We work with so many other organizations. There is such a good community of organizations and people that care about food issues in St. Louis. Operation Food Search is the most important organization that we work with. They store our bus and lets us use an office. They also provide healthy cooking demonstrations on site. The Fit and Food Connection handles all of the extra produce that we cannot sell. Fit and Food Connection takes our unbought produce, converts it into healthy meals and then delivers the meals to low income community members. The Sun Cafe, a non-profit social enterprise, in Hyde Park (north St. Louis), that employee people from neighborhood, supplies us with ready to eat items like snacks and desserts.
Any projects in the works?
This year we are expanding, from two spot to three spots. We are adding a spot in the North City. Our primary goal is to expand. We would like to double the number of our stops in order to double our access to food deserts. There are two other project, currently in idea and research. We have a second bus ready if we ever get to a point where we are ready to get a second bus online. We might be ready in 2018 or more realistically 2019.
We are in the research phase of seeing if we can start a Metro Market brand of grocery products. These products would have the Metro Market brand and logo and we would sell them online and at Schnucks and Lucky’s. Having a product to sell in the marketplace is a great way to fund a non-profit mission and provides a more sustainable business model. We are currently looking at healthy snacks that are easy to shelf such as veggie chips or apple chips.

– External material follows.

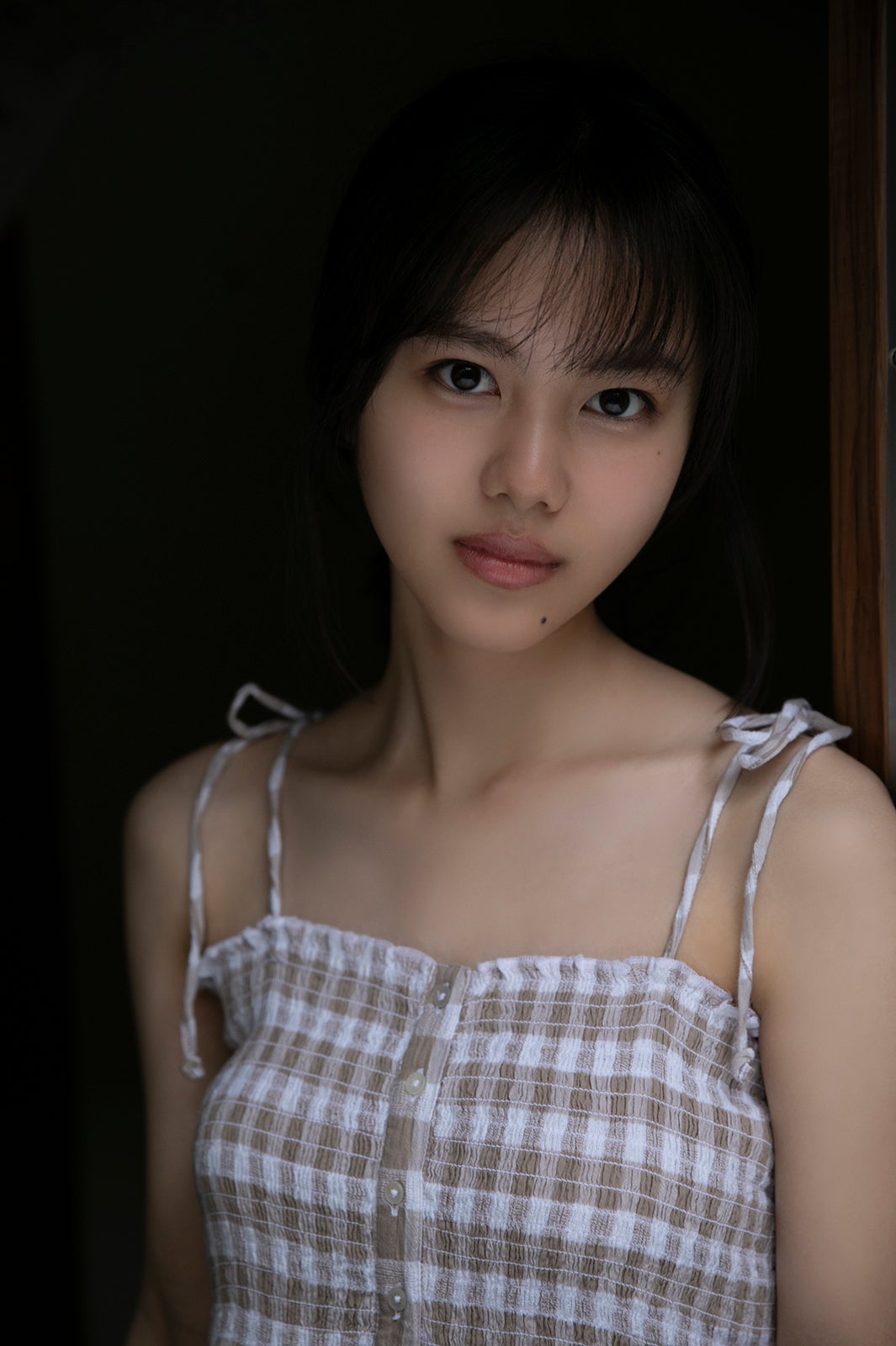 松風理咲 （提供写真）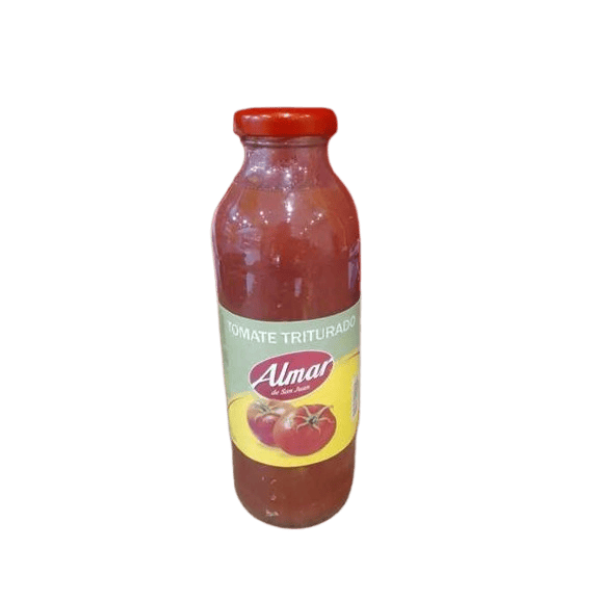 Almar Tomate Triturado 500gr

Where do you see the future of STL’s food system?
What we like to think about is, what is the opposite of a food desert? What does St. Louis as a food oasis look like? A food oasis would have a lot more farms and food producers in the St. Louis region. There would be more growing food indoors and growing food in unused areas through rooftop gardening, warehouse and aquaponics. Farms would be are producing all different types of food, not just corn, soy and cattle. This is not an improbable goal. St. Louis is in a great location for agriculture and the city has a lot of vacant land (1 in 5 spaces in St. Louis is vacant) making it ideal for urban agriculture.
We need a more diversified selection of grocery store options. One grocery store for all needs doesn’t work in low income area. We need more stores selling and providing food in the neighborhood in which they exist. We don’t just need supermarkets, we could also use neighborhood scale food co-operative. We also need better food delivery infrastructure. Recently, Amazon bought Whole Foods. That would be amazing in the future if you could get Schnucks or Whole Foods delivered to your door.
What do you do outside of your job that supports the local food system?
My front yard is a garden. I grow my own vegetables at house and I grow food with my neighbors. I support the local food movement in St. Louis by regularly going to the Tower Grove Farmers Market, or City Greens Market. Food tastes better when it is grown locally!